--- Information shown ---

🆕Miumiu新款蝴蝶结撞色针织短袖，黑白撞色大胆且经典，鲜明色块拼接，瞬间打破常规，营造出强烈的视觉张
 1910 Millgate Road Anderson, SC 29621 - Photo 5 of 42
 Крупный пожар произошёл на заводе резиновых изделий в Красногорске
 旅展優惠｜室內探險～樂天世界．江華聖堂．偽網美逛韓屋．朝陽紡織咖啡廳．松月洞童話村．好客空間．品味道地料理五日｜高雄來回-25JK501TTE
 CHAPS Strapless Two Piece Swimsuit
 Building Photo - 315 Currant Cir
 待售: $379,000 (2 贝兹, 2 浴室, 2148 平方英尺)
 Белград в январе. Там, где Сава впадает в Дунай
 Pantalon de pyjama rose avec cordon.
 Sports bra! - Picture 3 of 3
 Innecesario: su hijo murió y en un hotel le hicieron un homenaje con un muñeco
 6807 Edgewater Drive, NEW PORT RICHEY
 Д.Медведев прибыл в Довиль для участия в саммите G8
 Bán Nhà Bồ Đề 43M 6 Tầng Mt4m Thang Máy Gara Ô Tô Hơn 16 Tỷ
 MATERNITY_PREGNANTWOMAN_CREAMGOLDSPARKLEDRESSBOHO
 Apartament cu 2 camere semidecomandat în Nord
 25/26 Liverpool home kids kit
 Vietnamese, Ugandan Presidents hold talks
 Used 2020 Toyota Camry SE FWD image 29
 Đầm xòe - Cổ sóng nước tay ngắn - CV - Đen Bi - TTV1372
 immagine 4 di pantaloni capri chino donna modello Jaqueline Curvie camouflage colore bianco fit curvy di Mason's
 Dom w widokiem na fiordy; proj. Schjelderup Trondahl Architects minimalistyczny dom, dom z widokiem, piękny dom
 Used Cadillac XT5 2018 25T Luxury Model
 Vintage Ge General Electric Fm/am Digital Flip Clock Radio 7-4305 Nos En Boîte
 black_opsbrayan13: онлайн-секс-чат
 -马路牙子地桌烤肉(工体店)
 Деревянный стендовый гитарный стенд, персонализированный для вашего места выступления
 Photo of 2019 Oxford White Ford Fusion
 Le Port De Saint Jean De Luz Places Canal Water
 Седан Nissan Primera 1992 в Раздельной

---

All lines in the records above that contain "Used" are to be reported.

 Used 2020 Toyota Camry SE FWD image 29
 Used Cadillac XT5 2018 25T Luxury Model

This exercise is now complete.